Based on these findings, the team wrote:
Men aged 70–74 yr who have previously undergone PSA-based screening without receiving a PCa diagnosis have a very low risk of dying from PCa by the age of 85 yr. These data suggest that screening may be discontinued in men with PSA <3.0 ng/ml or previous benign prostate biopsies. Those with higher PSA levels and no prior biopsies may consider continued screening if life expectancy exceeds 10 yr.
The authors note that a key element in decision-making is life expectancy. In the U.S. today, men can expect to live an average of 76.1 years (compare that with 81.1 years for women). Factors that can help determine are not only your gender and genetics, but also your current health and lifestyle (diet, exercise, stress management), education, socioeconomic and marital status, etc.
In short, there is a complex cost/benefit formula underlying the PCa question, what is YOUR safe age to stop PSA screening? At our Center, we suggest that after age 70, a healthy man with at least 10 years of life expectancy continue an annual PSA blood test, followed by 3T multiparametric MRI if there is a suspicious result. Adding such high-resolution imaging will reveal if there is a concerning prostate abnormality. This provides the advantage of avoiding an unnecessary biopsy if none is warranted, while recording a prostate baseline for any future suspicious activity.
The debate of PSA screening aging men will continue. It is our hope that the study described above sheds light on each individual’s situation, and reduces fear over missing a PCa diagnosis while it is still early and amenable to local treatment or Active Surveillance.
NOTE: This content is solely for purposes of information and does not substitute for diagnostic or medical advice. Talk to your doctor if you are experiencing pelvic pain, or have any other health concerns or questions of a personal medical nature.
References
[i] Crawford ED. Epidemiology of prostate cancer. Urology. 2003;62(6 suppl 1):3–12.
[ii] Klenk, J., Keil, U., Jaensch, A. et al. Changes in life expectancy 1950–2010: contributions from age- and disease specific mortality in selected countries. Popul Health Metrics 14, 20 (2016).

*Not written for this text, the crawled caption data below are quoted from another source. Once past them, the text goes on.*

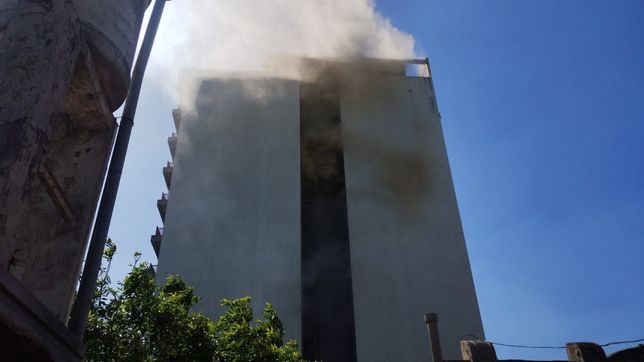 dos chicas estuvieron a punto de tirarse de un balcon para escapar de un incendio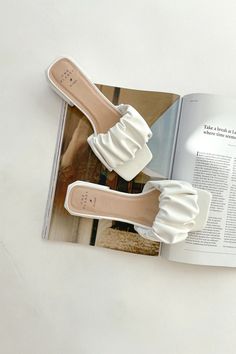 Aesthetic Shoes Heels, Shoes Classy, Classy Heels, Luca And Grae, Lilac Top, Trendy Heels, Heels White, Stunning Shoes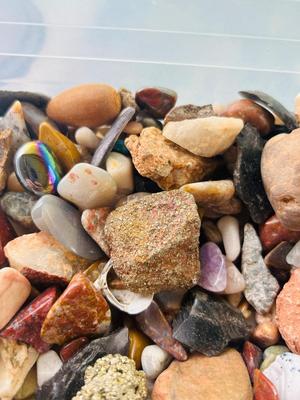 1 GALLON BAG FULL OF ROCKS, MINERALS & STONES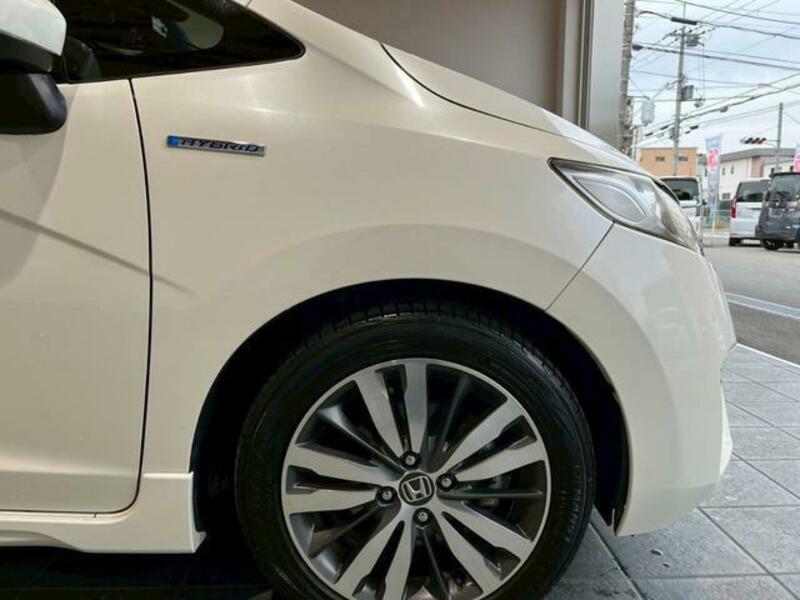 FIT HYBRID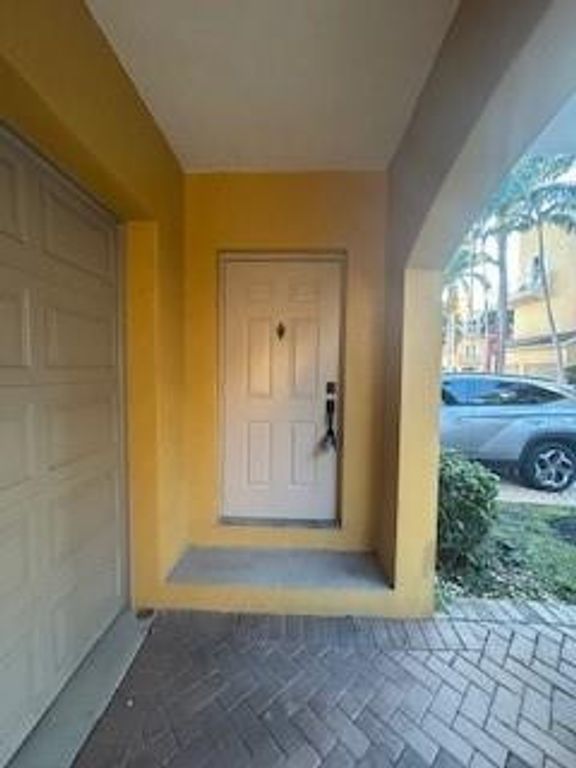 2337 Vintage Drive, Lighthouse Point, FL 33064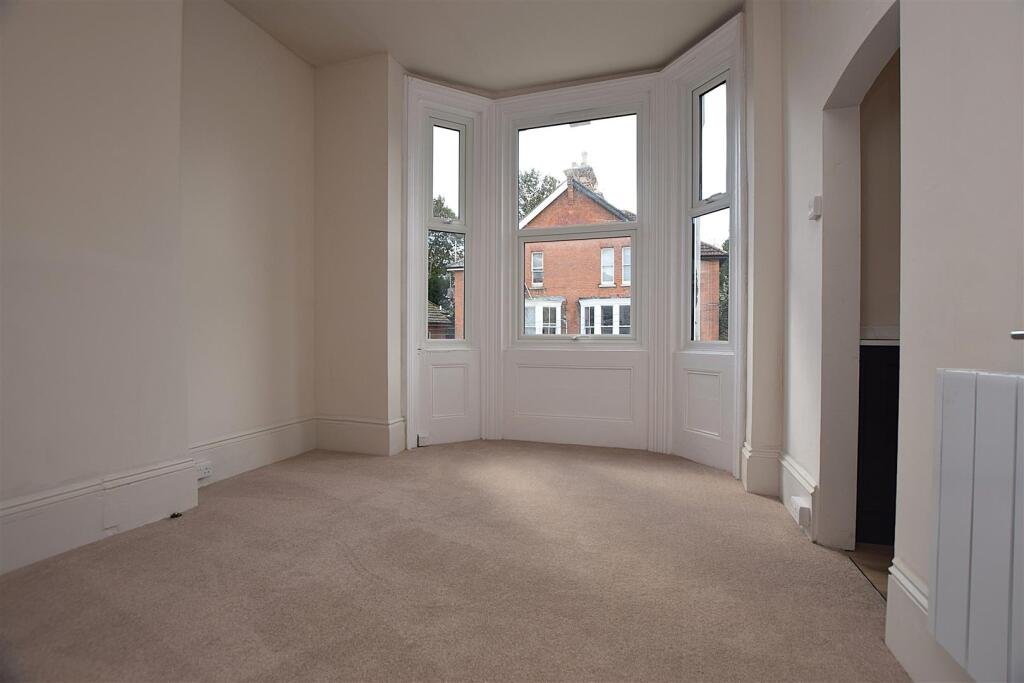 Apartment in St Leonards-on-Sea, St Leonards Green - View 2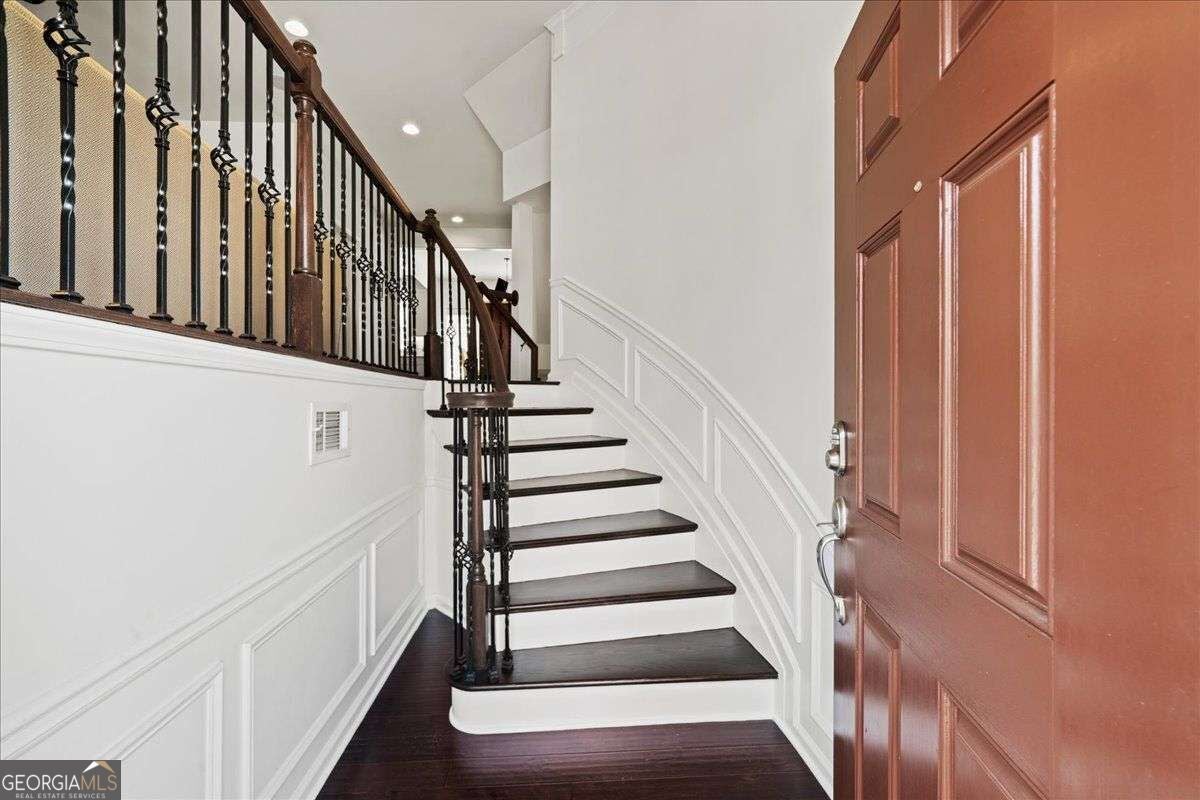 12 Rockland PL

[iii] Marabella, Courtney.”Evidence mounts that rise in metastatic prostate cancer is linked to PSA screening reduction.” Urology Times, Feb. 16, 2021. https://www.urologytimes.com/view/evidence-mounts-that-rise-in-metastatic-prostate-cancer-is-linked-to-psa-screening-reduction
[iv] de Vos II, Remmers S, Hogenhout R, Roobol MJ; ERSPC Rotterdam Study Group. Prostate Cancer Mortality Among Elderly Men After Discontinuing Organised Screening: Long-term Results from the European Randomized Study of Screening for Prostate Cancer Rotterdam. Eur Urol. 2023 Oct 31:S0302-2838(23)03207-4.